## Required work:
In the data below, find the line with "Tavimart Office Ladies" and output it along with every later line, exactly, but not the pictures.

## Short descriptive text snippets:
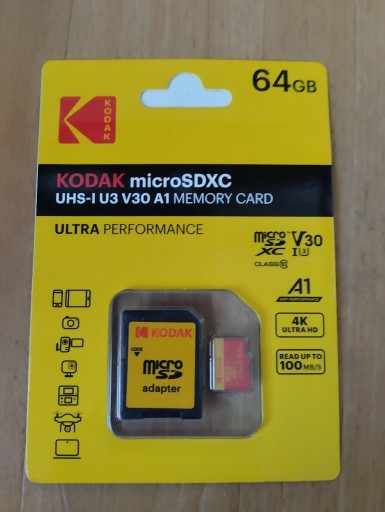 Zdjęcie oferty: Karta Kodak micro SDXC 64 GB UHS-I U3 V30 A1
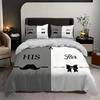 Grey White Couple Style Duvet Cover set Luxury Romantic Theme Soft Bedding cover Couple Valentine's Day Gifts Quilt cover set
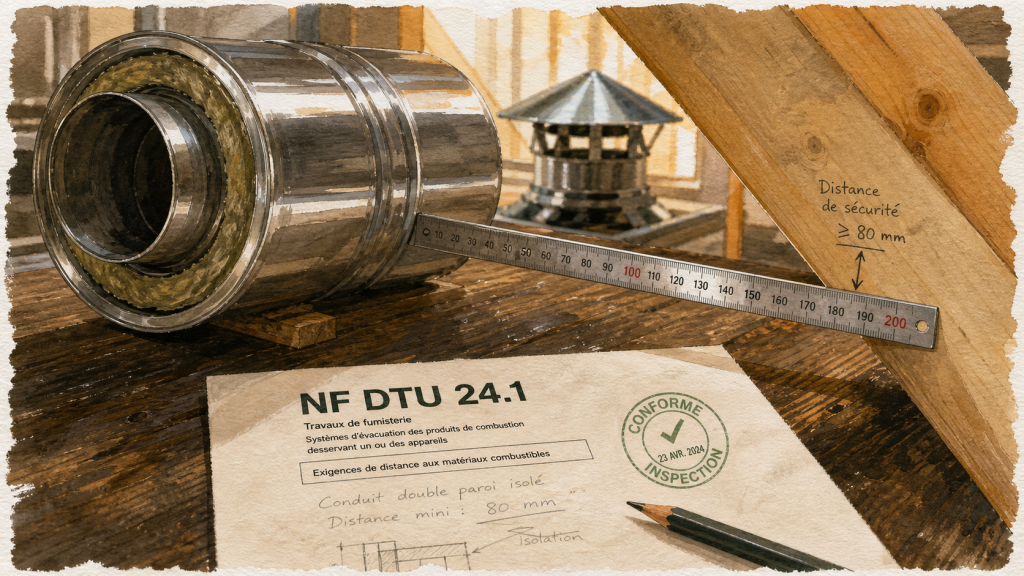 DTU 24.1 : distances de sécurité pour tubage inox double paroi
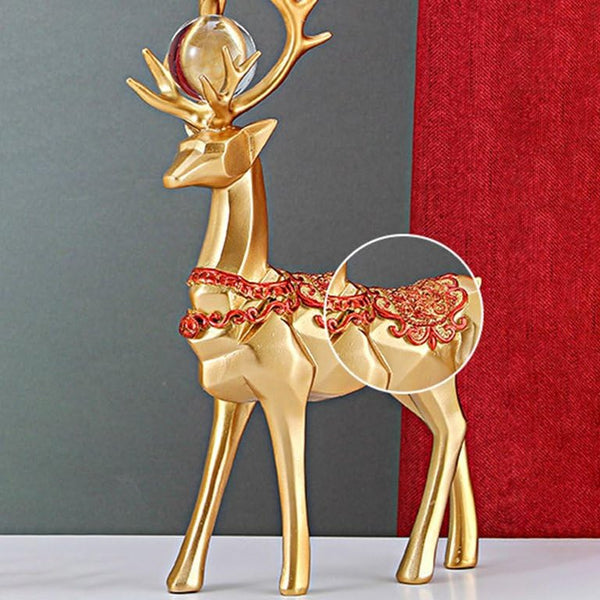 Golden Reindeer Decor Set with Crystal Ball Centerpiece – Luxury Festive & Home Tabletop Decoration (Set of 3)
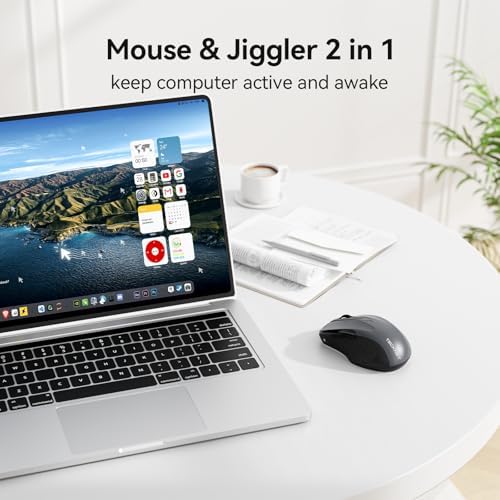 TECKNET Rechargeable Jiggler Wireless Mouse, Dual-Mode Connectivity, Grey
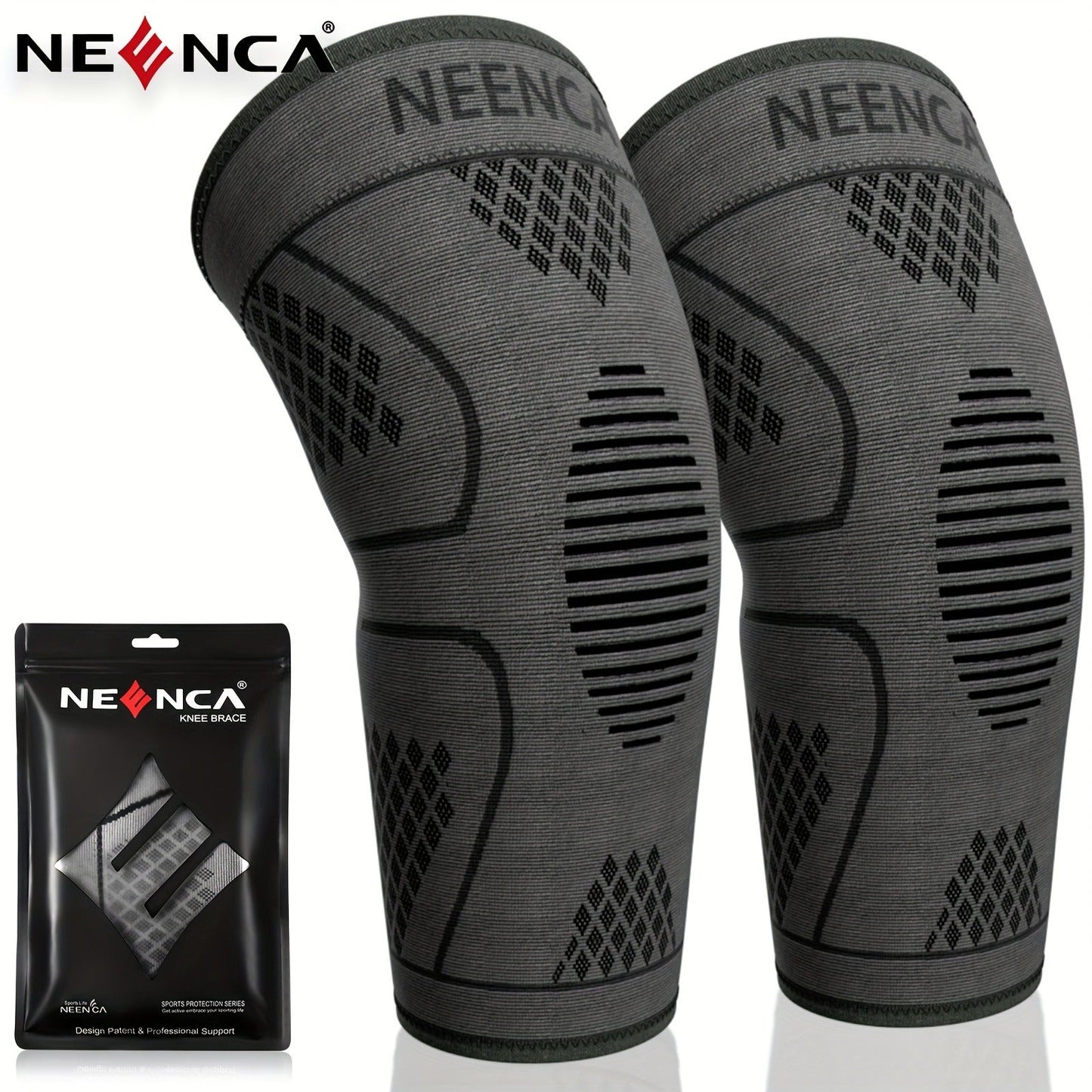 Compression Knee Sleeve 2 Pack for Men Women Breathable Non-Slip Silicone Strip Knee Support High Elasticity Running Exercise High Intensity Sports Copper Beige Pink Orange M XL XXL XXXL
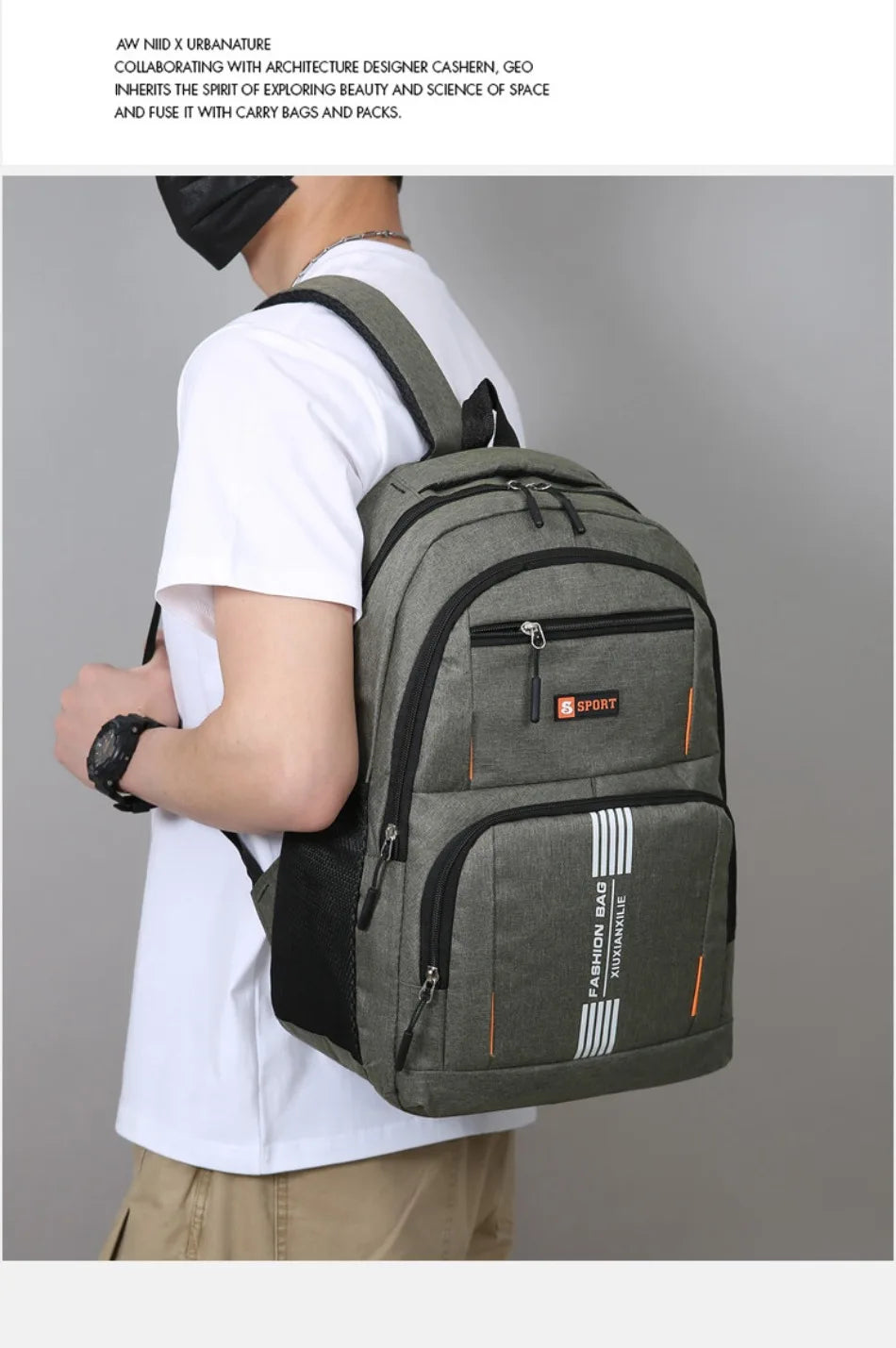 Versatile Commuter Backpack for Men – Lightweight with 15" Laptop Compartment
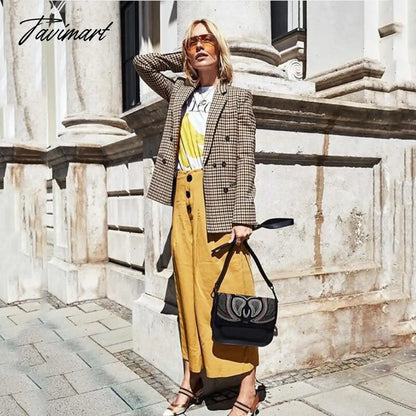 Tavimart Office Ladies Khaki Plaid Tweed Vintage Double Breasted Pockets Oversized Female Coat Za Clothes Outerwear Tops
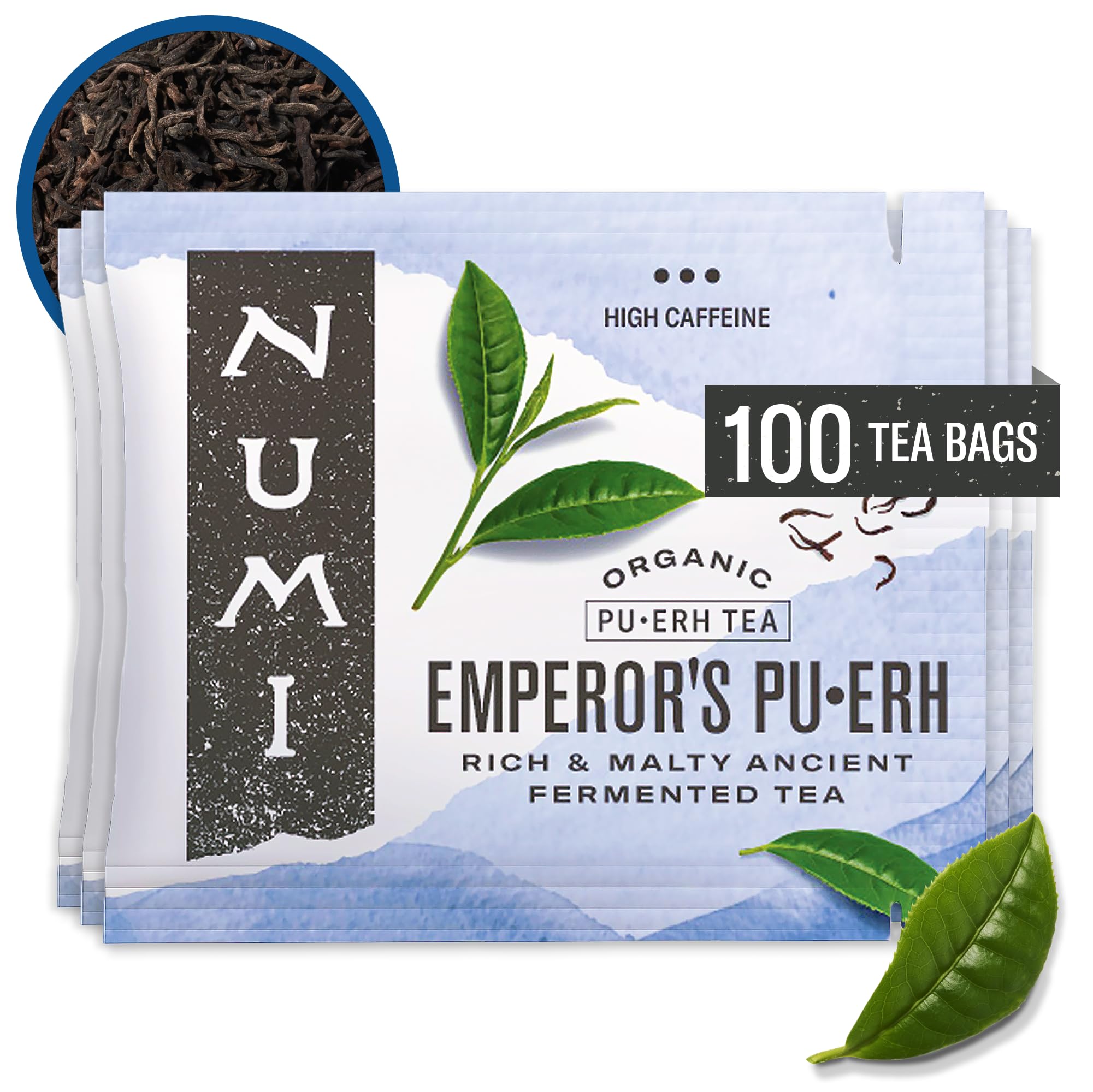 Numi Organic Emperor's Pu-erh Tea, 100 Tea Bags, Aged Fermented Yunnan Black Tea, Caffeinated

## Problem solution:
 Tavimart Office Ladies Khaki Plaid Tweed Vintage Double Breasted Pockets Oversized Female Coat Za Clothes Outerwear Tops
 Numi Organic Emperor's Pu-erh Tea, 100 Tea Bags, Aged Fermented Yunnan Black Tea, Caffeinated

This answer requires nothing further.